Por outro lado, o Conselho Nacional de Avaliação da Política de Desenvolvimento Social (Coneval) publicou os resultados de uma pesquisa realizada com um milhão de beneficiários da Cruzada Nacional contra a Fome, estratégia governamental criada em 2013 que “pretende dar uma solução estrutural e permanente a um grave problema que existe no México: a fome”. Embora este programa tenha reduzido a carência de alimento de 100 a 42,5%, o próprio Coneval aponta que “devem ser encontrados mecanismos para lograr a redução da pobreza mais ampla que envolve 55 milhões de pessoas”.
Desperdício global
Segundo a FAO, a fruta é o alimento mais desperdiçado do mundo. A cada ano, são descartadas sem consumir 1 300 milhões de toneladas, o que equivale a 44% da produção.
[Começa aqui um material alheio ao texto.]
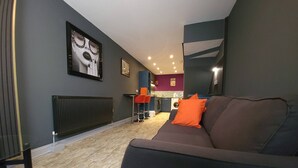 A modern living room with a dark sofa, a red cushion, and a kitchen in the background. - Liverpool City, Fairfield Duplex Suite (Liverpool)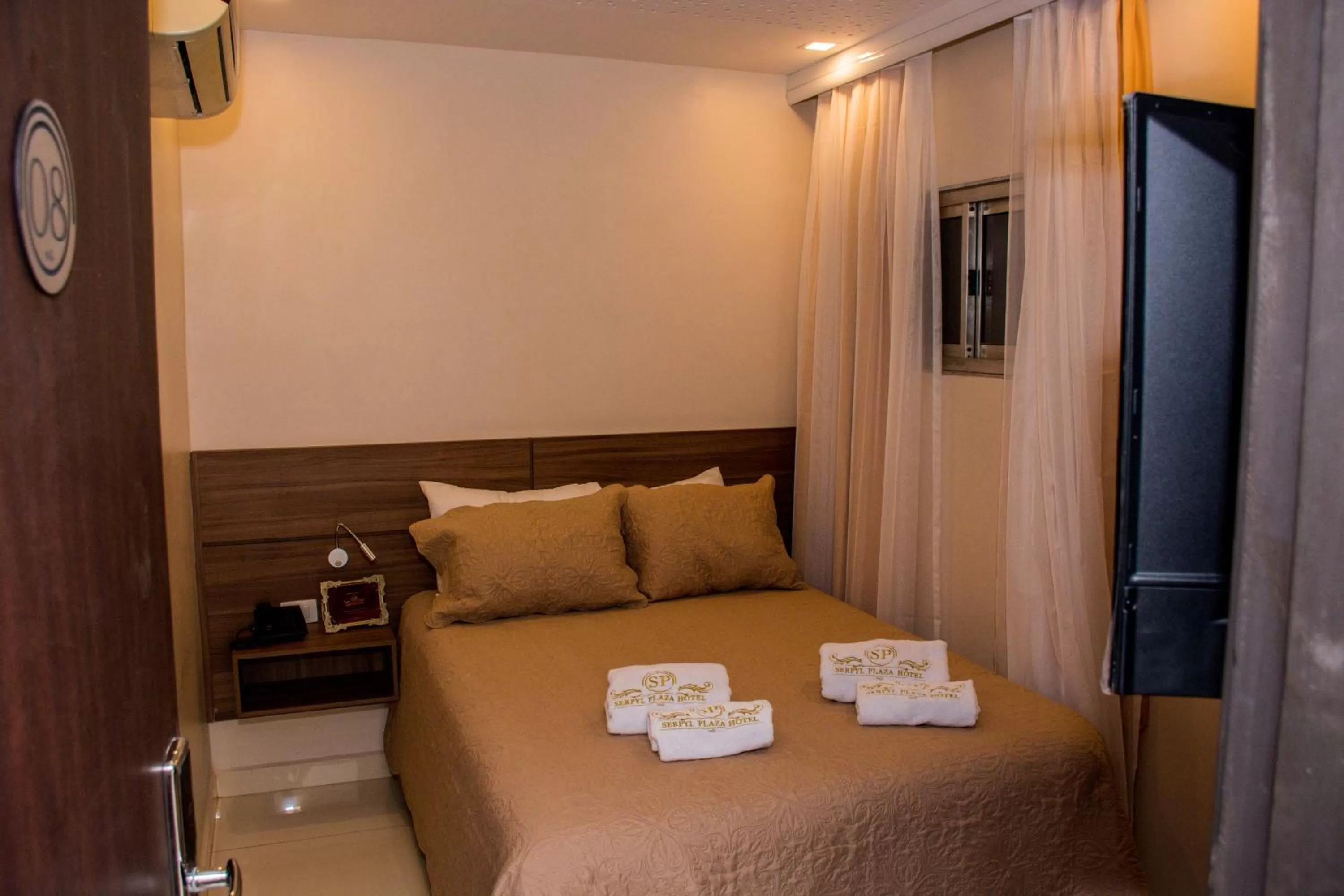 Bed in SERPYL Plaza Hotel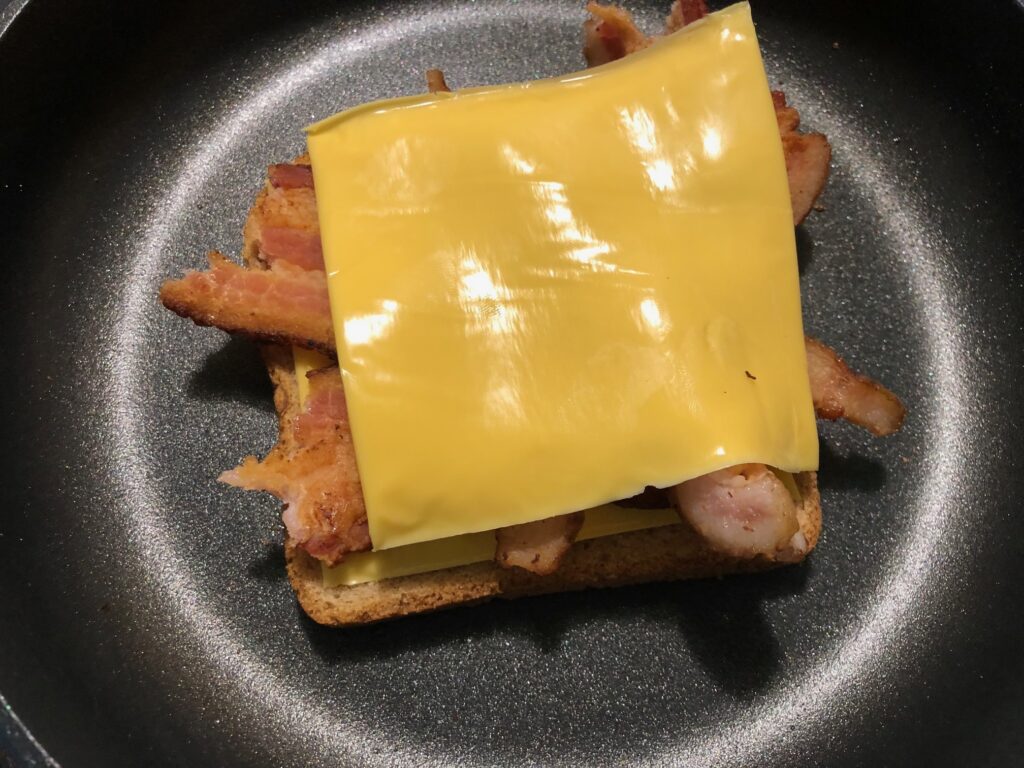 Add a layer of cheese, bacon, and another layer of cheese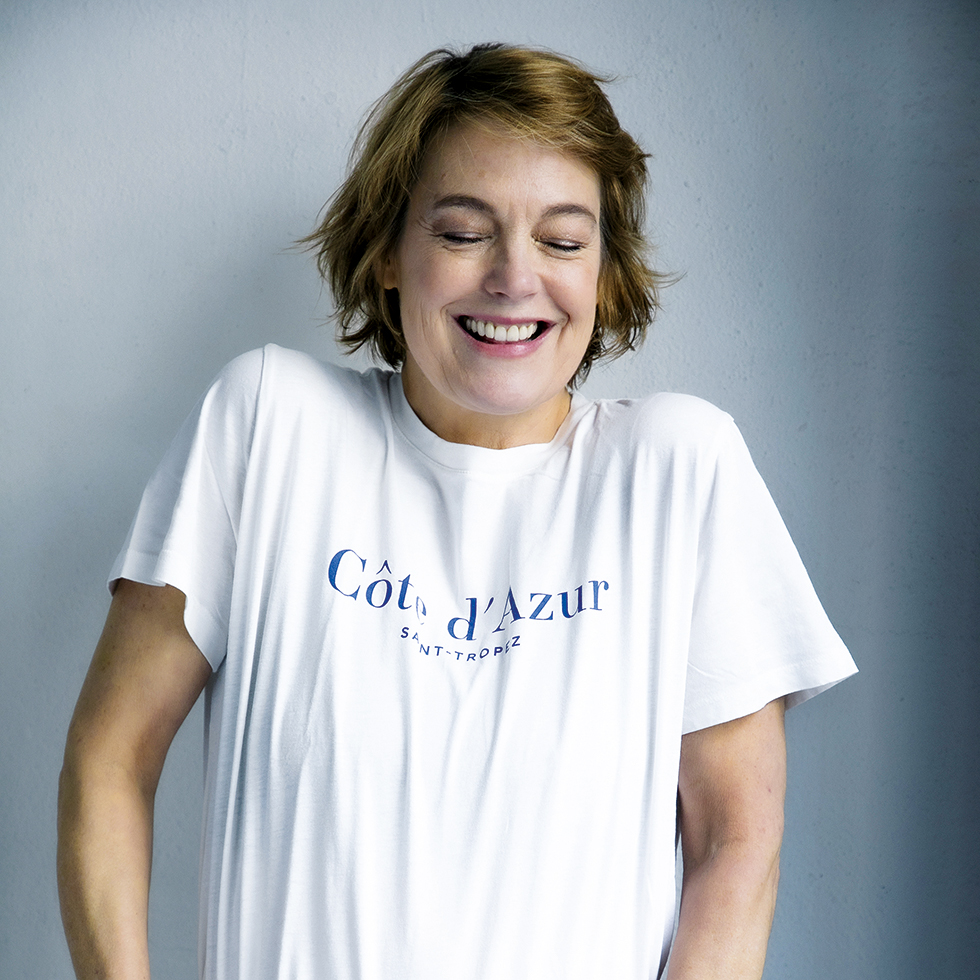 Elke Winkens: Frau in weißem T-Shirt mit der Aufschrift Cote d'Azur Saint-Tropez zieht lachend mit geschlossenen Augen die Schultern hoch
Outros alimentos de alto desperdício são os tubérculos (20%), os cereais (19%) e o leite (8% de desperdício mundial).
Planeta esgotado
De acordo com a organização Global Footprint Network (GFN), no dia 13 de agosto passado, o consumo dos mais de 7 000 milhões de pessoas que habitamos a Terra esgotou os recursos naturais que o planeta é capaz de produzir durante 2015. Ou seja, a partir desse momento todos os recursos que gastamos excedem a capacidade de produção terrestre. (A GFN estima que “a humanidade precisa atualmente de 1,6 planetas para sustentar seu modelo de consumo. E serão necessários dois planetas até 2030).
Danos colaterais
O desperdício de alimento não só representa perdas humanas e econômicas; também implica o uso inútil de água, terra, energia, material de embalagem, químicos, fertilizantes e pesticidas, além do combustível empregado para transportar a comida, entre muitos outros resíduos colaterais. Este desperdício é um risco para o ambiente devido ao aumento de metano e outros gases de efeito estufa causados pela putrefação dos alimentos.